Line 266: tasksInitData();
Line 1008: tasksInit();
5.6.3.1 systemInit() function
src/main/fc/init.c line 262 systemInit(); function initializes the chip’s clock, interrupt, and SysTick.
The systemInit() function content is as follows:
void systemInit(void)
{
//Set processor clock
system_clock_config();//config system clock to 288mhz usb 48mhz
//Configure NVIC preempt/priority groups
nvic_priority_group_config(NVIC_PRIORITY_GROUPING);
//Get the control/status register related to clock management (manual 4.3.21)
cachedRccCsrValue = CRM->ctrlsts;
//The interrupt vector table has been initialized in assembly Reset_Handler
// extern uint8_t isr_vector_table_base;
// nvic_vector_table_set((uint32_t) & amp;isr_vector_table_base, 0x0);
//Disable USB1, USB2 clock
crm_periph_clock_enable(CRM_OTGFS2_PERIPH_CLOCK|CRM_OTGFS1_PERIPH_CLOCK,FALSE);
//Clear all reset flags
CRM->ctrlsts_bit.rstfc = TRUE;
//Enable GPIO and DMA clock
enableGPIOPowerUsageAndNoiseReductions();
//Loop counter initialization (provide system clock for BF OS?)
cycleCounterInit();
//Set the SysTick reload value (the period is 1/1000 seconds) the clock source of SysTick is SCLK)
//The system_core_clock variable is initially assigned the current SCLK (system clock) frequency after initialization in system_clock_config();
//Set the SysTick period to 1/1000 seconds and use the AHB undivided clock by default?

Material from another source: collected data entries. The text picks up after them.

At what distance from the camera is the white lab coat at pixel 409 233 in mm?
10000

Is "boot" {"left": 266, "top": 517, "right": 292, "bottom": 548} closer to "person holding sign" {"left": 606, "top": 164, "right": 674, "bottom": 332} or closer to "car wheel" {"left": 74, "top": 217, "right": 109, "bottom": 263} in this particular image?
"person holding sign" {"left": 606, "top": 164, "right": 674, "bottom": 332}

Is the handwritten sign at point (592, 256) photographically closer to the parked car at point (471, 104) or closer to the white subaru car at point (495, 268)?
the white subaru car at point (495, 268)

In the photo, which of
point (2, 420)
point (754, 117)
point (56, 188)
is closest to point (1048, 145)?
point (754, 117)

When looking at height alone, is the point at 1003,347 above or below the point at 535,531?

SysTick_Config(system_core_clock / 1000);
}
Among them, system_clock_config(); is used to set the processor clock.
Chapter 5 “AT32F435/437 Peripheral Library Function Overview” in the document “6. AT32 Official Information\AT32F435_437 Firmware Library BSP & Pack Application Guide.pdf” details the parameters and functions of each library function in the AT32 official library. information.
“2.4 Peripheral Address Mapping” in the document “6. AT32 Official Information\AT32F435 Reference Manual (Register).pdf” introduces the specific peripherals of the processor and the bus to which they belong.
Flash memory interface (FLASH) belongs to AHB1 bus? The figure in “1 System Architecture” in the document “6. AT32 Official Information\AT32F435 Reference Manual (Register).pdf” shows the ownership relationship between the peripherals and buses in the processor. It is preliminarily speculated that the clock source of the Flash is the clock source of the AHB bus, which is “To AHB peripheral/memory” under the HCLK clock branch in the “4 Clock and Reset Management (CRM)” figure.
Reasons why the pin development board cannot be used normally:
The AT32 chip requires that the frequency of SCLK must be greater than 288MHz. The default clock source of SCLK in the official program is HEXT (external high-speed clock), and the default frequency division is: *72/1/2; if the HEXT frequency is 8Hz, the SCLK frequency defaults to 288Hz, but the HEXT used by the pin development board is 12Hz, which causes the SCLK frequency to be too high and the program gets stuck. If the system_clock_config(void) function is removed, the processor will use HICK (internal high-speed clock) by default, and the program will run normally.
system_clock_config();
The system clock initialization function mainly uses HEXT (external high-speed clock) as the system clock source, and sets the SCLK (system clock) frequency to 288MHz and the USB clock frequency to 48MHz.
/**
* @brief system clock config program
* @note the system clock is configured as follow:
* - system clock = (hext * pll_ns)/(pll_ms * pll_fr)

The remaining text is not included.